0

I have multiple .csv files. they have same column size but different number of rows. I want to make a dataframe which the 3rd dimension shows each file. I tried read each file and save it to a dataframe, then append them to a list, but when convert list to dataframe the output is a two dimension dataframe (if we have 5 files then out puth is (5, 1) dataframe).

path = "Something"
filelist = os.listdir(Path)
print(filelist)
all_csv_files = []
for x in filelist:
    df = pd.read_csv(Path + "\\" + x)
    all_csv_files.append(df)

dataset = pd.DataFrame(all_csv_files)
dataset.shape

Also tried to read each file and save it to a numpy array and stack them (np.stack) but arrays are not the same size.

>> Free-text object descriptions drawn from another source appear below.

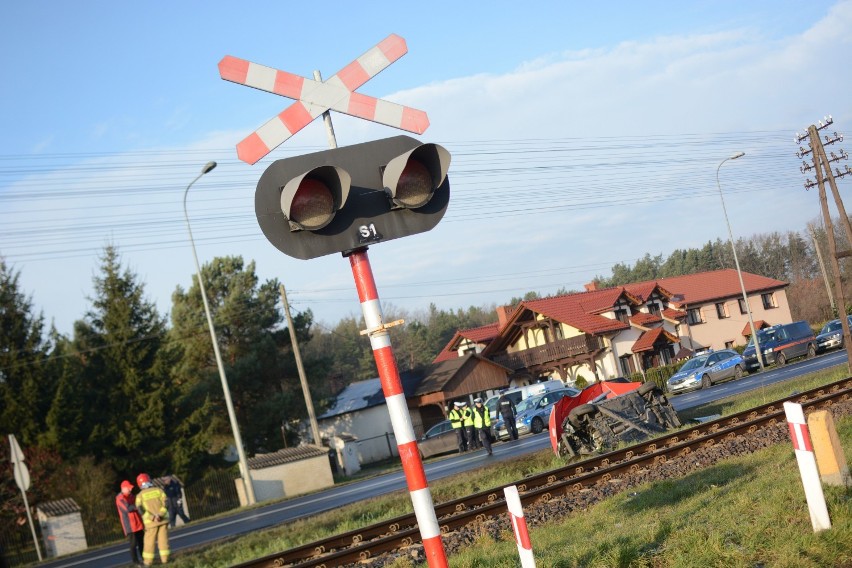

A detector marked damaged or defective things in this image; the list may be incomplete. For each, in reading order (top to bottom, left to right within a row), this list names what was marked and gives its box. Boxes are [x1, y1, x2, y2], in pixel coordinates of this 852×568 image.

overturned vehicle [548, 380, 684, 460]
damaged red vehicle [548, 380, 684, 460]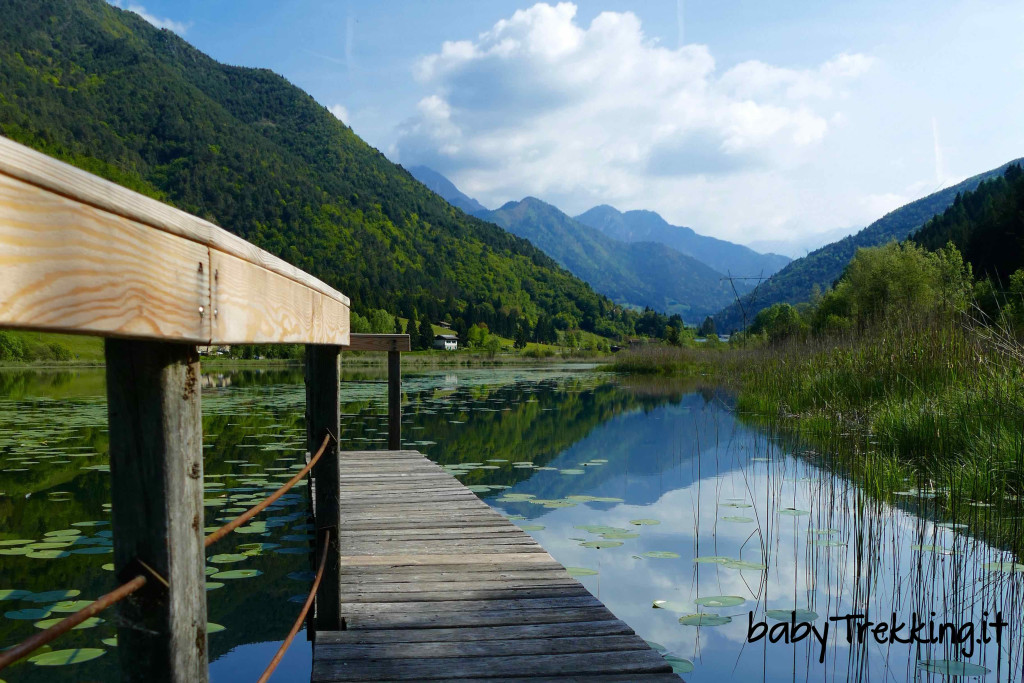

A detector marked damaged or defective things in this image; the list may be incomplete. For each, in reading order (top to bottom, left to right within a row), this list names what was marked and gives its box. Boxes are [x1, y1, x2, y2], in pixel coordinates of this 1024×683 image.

rusty rope [0, 432, 334, 672]
rusty rope [206, 432, 334, 552]
rusty rope [256, 528, 332, 683]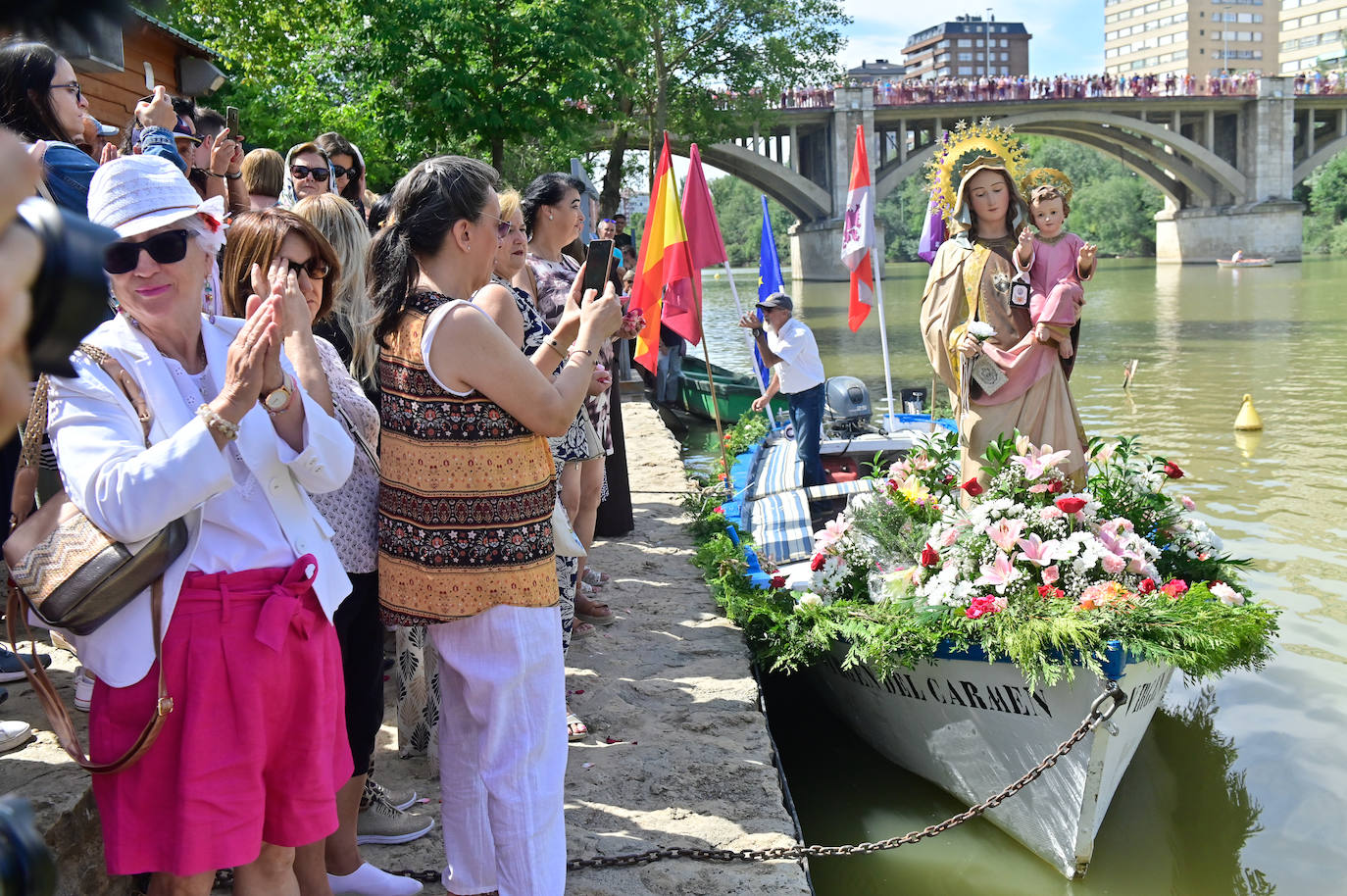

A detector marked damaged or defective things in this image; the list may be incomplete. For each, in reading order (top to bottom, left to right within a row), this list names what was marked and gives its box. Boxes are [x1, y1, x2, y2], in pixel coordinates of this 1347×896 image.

rusty chain [202, 681, 1125, 883]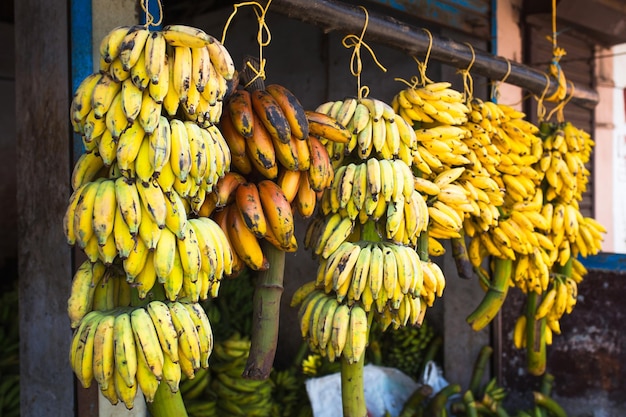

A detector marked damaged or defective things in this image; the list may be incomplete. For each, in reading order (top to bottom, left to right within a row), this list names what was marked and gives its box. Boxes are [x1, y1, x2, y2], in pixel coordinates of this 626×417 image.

rusty metal bar [270, 0, 600, 109]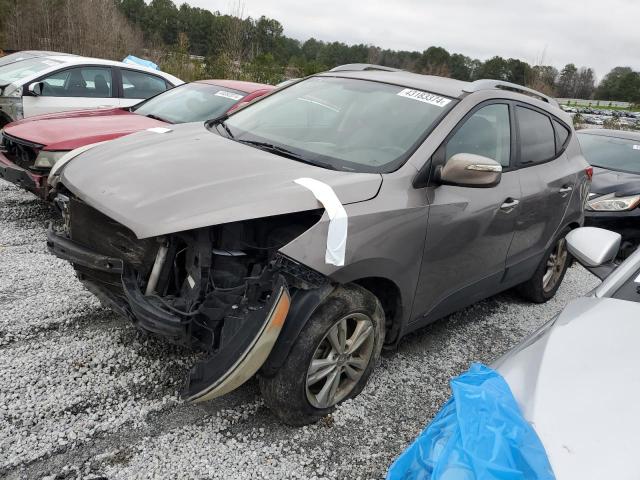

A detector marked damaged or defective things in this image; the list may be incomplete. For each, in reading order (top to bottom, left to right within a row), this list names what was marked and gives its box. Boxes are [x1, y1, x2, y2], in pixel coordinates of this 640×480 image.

red damaged car [0, 79, 272, 198]
crushed front end [48, 191, 324, 402]
damaged gray suv [46, 67, 592, 424]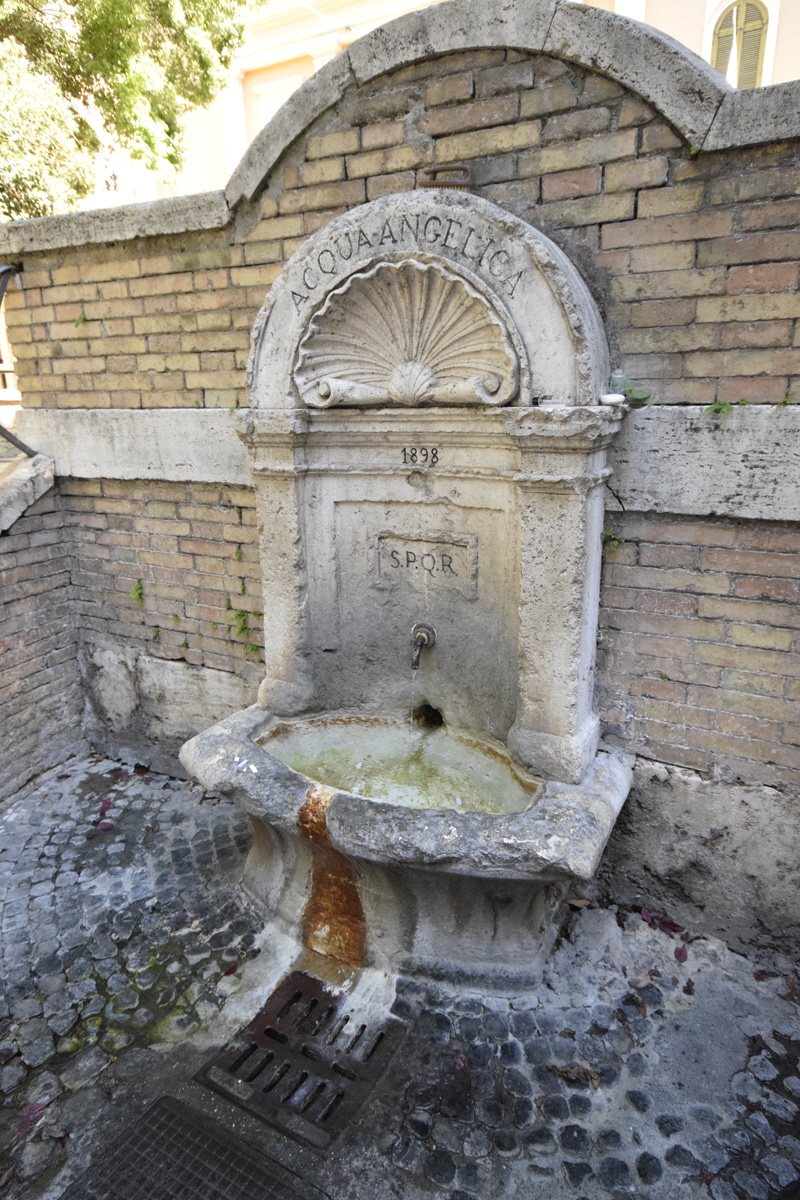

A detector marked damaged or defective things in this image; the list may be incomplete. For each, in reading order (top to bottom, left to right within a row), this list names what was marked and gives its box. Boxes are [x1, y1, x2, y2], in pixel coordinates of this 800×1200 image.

rust stain [298, 784, 368, 972]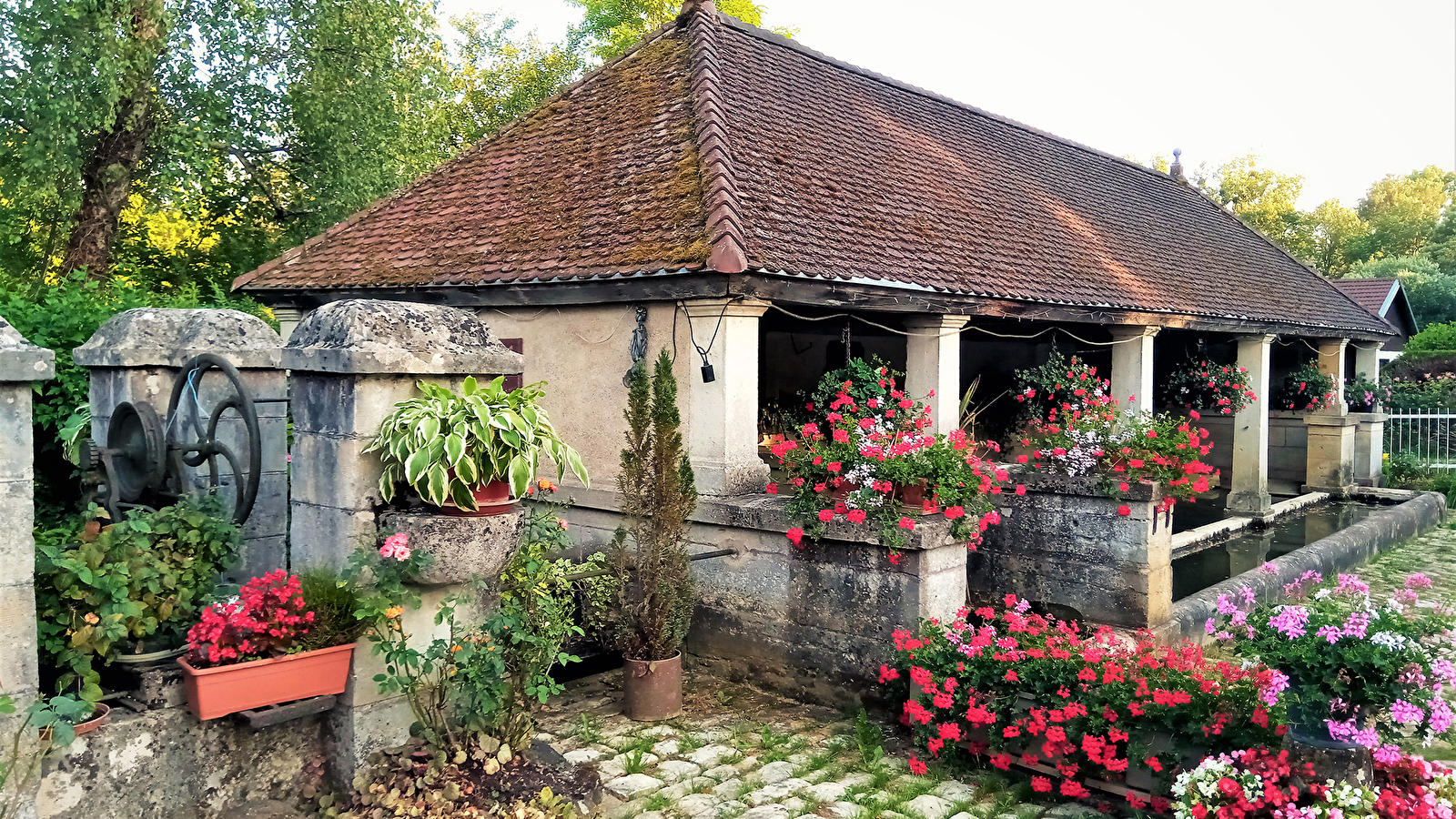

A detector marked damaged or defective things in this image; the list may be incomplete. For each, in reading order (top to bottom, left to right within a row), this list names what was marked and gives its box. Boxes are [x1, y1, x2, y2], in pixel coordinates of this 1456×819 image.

Also pandas.Panel is deprecated.

for example if we have 2 csv file like first one is:

a,b,c,d
a,b,d,c
b,x,y,z

and second one is :

1,2,3,4
2,3,5,4

I want to output be like:

[
  [[a,b,c,d],[a,b,d,c],[a,x,y,z]],
  [[1,2,3,4],[2,3,5,4], [Nan, Nan, Nan, Nan]]
]

which is (2,3,4).

I prefer don't fill Nan but if there is no way it is also ok.

2 Answers2

-1

If you have same columns in all your csv files then you can try the code below. I have added header=0 so that after reading csv first row can be assigned as the column names.

import pandas as pd
import glob

path = r'C:\DRO\DCL_rawdata_files' # use your path
all_files = glob.glob(path + "/*.csv")

li = []

for filename in all_files:
    df = pd.read_csv(filename, index_col=None, header=0)
    li.append(df)

frame = pd.concat(li, axis=0, ignore_index=True)

You can read this stackoverflow question(Import multiple csv files into pandas and concatenate into one DataFrame) then you can easily dead your scenario.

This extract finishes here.